[YOUR INSTRUCTIONS]: Filter the data below for the string "bedroom" and copy each matching line.

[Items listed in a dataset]
——

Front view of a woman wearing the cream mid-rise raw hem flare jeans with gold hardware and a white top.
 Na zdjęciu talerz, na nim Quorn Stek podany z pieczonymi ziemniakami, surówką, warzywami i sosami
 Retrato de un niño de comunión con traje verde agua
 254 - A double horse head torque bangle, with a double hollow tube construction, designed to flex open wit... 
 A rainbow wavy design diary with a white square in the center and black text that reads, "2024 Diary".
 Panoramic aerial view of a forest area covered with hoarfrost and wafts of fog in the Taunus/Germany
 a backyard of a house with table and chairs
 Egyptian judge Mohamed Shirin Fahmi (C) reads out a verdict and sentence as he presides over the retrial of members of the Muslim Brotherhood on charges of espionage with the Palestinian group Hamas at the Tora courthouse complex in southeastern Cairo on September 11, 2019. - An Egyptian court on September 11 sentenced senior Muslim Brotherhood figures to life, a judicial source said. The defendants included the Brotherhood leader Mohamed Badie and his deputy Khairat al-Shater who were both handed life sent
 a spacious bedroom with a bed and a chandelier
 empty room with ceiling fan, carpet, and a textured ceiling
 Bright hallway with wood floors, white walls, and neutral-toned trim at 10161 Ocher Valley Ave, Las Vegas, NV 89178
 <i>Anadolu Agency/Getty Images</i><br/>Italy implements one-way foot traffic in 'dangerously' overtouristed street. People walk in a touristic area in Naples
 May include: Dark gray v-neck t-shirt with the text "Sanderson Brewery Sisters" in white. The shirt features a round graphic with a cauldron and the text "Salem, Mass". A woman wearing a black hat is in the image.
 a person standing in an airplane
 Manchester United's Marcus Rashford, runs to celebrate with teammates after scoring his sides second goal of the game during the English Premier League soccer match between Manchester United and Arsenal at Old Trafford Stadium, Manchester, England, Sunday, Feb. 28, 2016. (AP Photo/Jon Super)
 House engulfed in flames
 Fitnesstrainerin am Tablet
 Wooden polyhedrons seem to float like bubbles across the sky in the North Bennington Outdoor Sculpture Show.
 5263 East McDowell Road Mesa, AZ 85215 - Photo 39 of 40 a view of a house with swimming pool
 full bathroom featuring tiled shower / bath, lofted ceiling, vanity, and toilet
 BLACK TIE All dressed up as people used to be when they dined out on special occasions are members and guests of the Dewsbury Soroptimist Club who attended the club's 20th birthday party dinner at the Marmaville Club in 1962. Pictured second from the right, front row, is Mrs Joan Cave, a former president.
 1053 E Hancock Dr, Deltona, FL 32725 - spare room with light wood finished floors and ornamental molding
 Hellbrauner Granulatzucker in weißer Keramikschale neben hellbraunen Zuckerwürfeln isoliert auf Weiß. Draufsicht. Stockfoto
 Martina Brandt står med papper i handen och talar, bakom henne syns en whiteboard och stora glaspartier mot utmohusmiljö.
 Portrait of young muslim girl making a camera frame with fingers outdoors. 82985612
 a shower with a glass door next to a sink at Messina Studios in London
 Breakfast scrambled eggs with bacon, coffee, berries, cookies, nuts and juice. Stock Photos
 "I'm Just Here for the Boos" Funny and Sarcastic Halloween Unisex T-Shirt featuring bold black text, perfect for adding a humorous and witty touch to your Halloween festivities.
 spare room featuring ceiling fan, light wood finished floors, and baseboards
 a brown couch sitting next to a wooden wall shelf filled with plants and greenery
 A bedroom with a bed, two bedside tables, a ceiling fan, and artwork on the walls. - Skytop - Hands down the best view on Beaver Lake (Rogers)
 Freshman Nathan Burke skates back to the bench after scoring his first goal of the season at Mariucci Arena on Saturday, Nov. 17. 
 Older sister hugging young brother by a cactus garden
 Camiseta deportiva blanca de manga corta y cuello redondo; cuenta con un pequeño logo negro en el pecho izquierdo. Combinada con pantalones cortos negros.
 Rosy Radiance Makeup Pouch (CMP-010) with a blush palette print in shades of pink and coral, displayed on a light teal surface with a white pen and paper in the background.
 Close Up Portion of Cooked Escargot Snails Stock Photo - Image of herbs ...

——

[THE ANSWER]:
 a spacious bedroom with a bed and a chandelier
 A bedroom with a bed, two bedside tables, a ceiling fan, and artwork on the walls. - Skytop - Hands down the best view on Beaver Lake (Rogers)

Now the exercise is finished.